▶ STORED DATA:
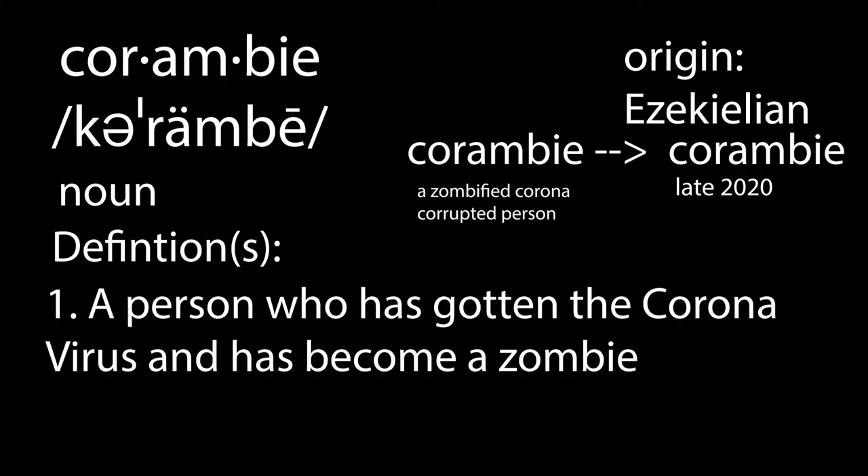Crombie, noun: definition — a person who has gotten the coronavirus and has become a zombie. Origin is a Killian crombie, a zombified corona-corrupted person. It went into use in 2020, late 2020 in fact. Okay, now continue.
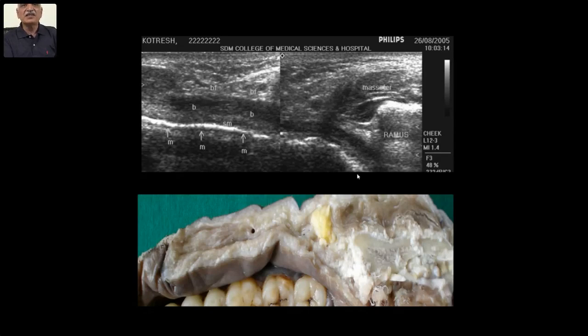The medial most margin is hyperechoic — it is called mucosa, but it is not true mucosa. It is an interface between oral cavity and mucosa, which is hyperechoic. Just deeper to that is a little grayish one — that is the submucosa. And just deeper to that is the hyperechoic buccinator muscle. Then comes the buccal pad of fat, and then skin and subcutaneous cells.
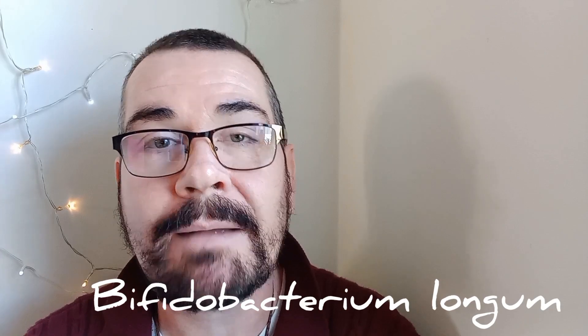Bifida Ferment Lysate is an invention by Estee Lauder, and it's been taken up by the Korean beauty world — it's everywhere at the moment. Bifidobacterium longum is a gram-positive bacterium; it's one of the friendly bacteria and one of the ones which makes up the supplements people take to maintain a healthy gut. You can buy it anywhere — I got these sample packs, seven tablets each, with the bacterium on the back.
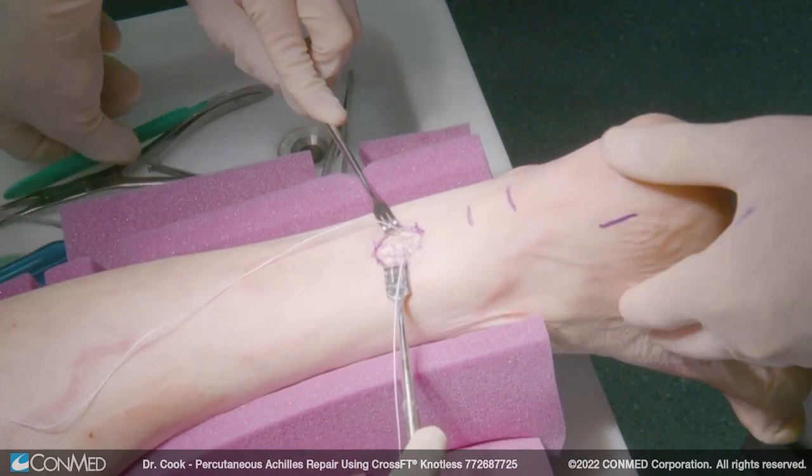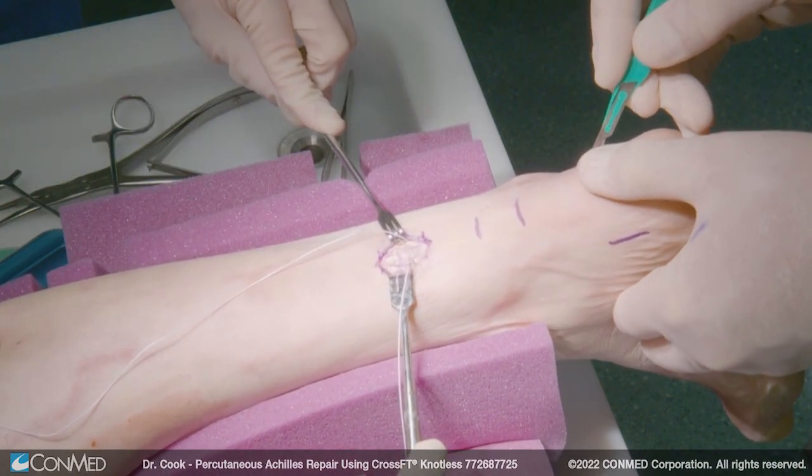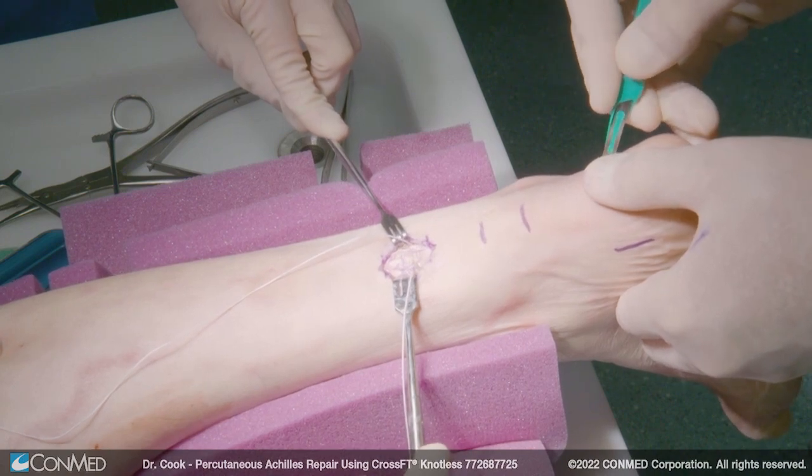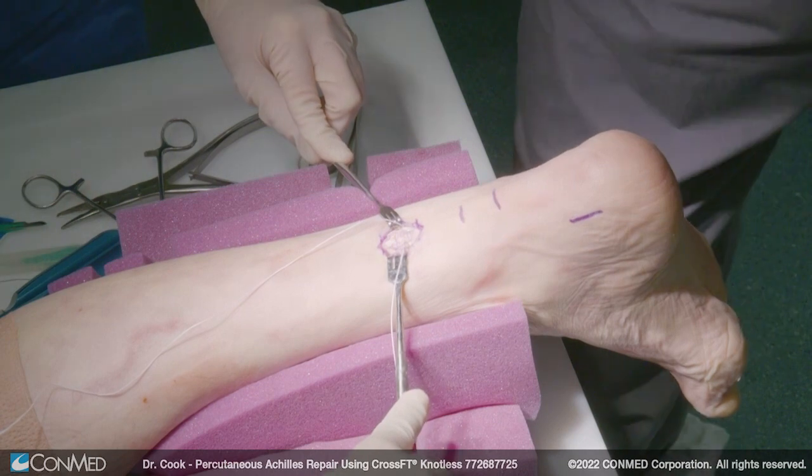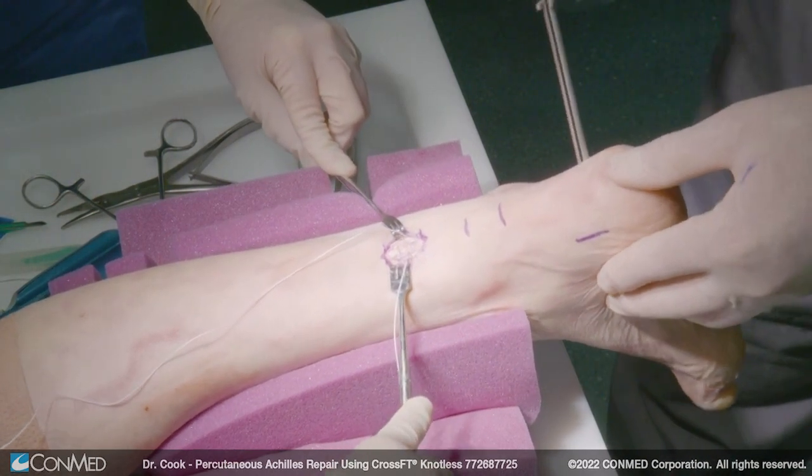We do not want to go through the tendon. We want to go just medial and lateral. If you go through the tendon, a lot of patients have pain.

▶ YOUR GOAL: This task asks for the data above repeated exactly, without a single picture.

▶ PROBLEM SOLUTION:
Crombie, noun: definition — a person who has gotten the coronavirus and has become a zombie. Origin is a Killian crombie, a zombified corona-corrupted person. It went into use in 2020, late 2020 in fact. Okay, now continue.
The medial most margin is hyperechoic — it is called mucosa, but it is not true mucosa. It is an interface between oral cavity and mucosa, which is hyperechoic. Just deeper to that is a little grayish one — that is the submucosa. And just deeper to that is the hyperechoic buccinator muscle. Then comes the buccal pad of fat, and then skin and subcutaneous cells.
Bifida Ferment Lysate is an invention by Estee Lauder, and it's been taken up by the Korean beauty world — it's everywhere at the moment. Bifidobacterium longum is a gram-positive bacterium; it's one of the friendly bacteria and one of the ones which makes up the supplements people take to maintain a healthy gut. You can buy it anywhere — I got these sample packs, seven tablets each, with the bacterium on the back.
We do not want to go through the tendon. We want to go just medial and lateral. If you go through the tendon, a lot of patients have pain.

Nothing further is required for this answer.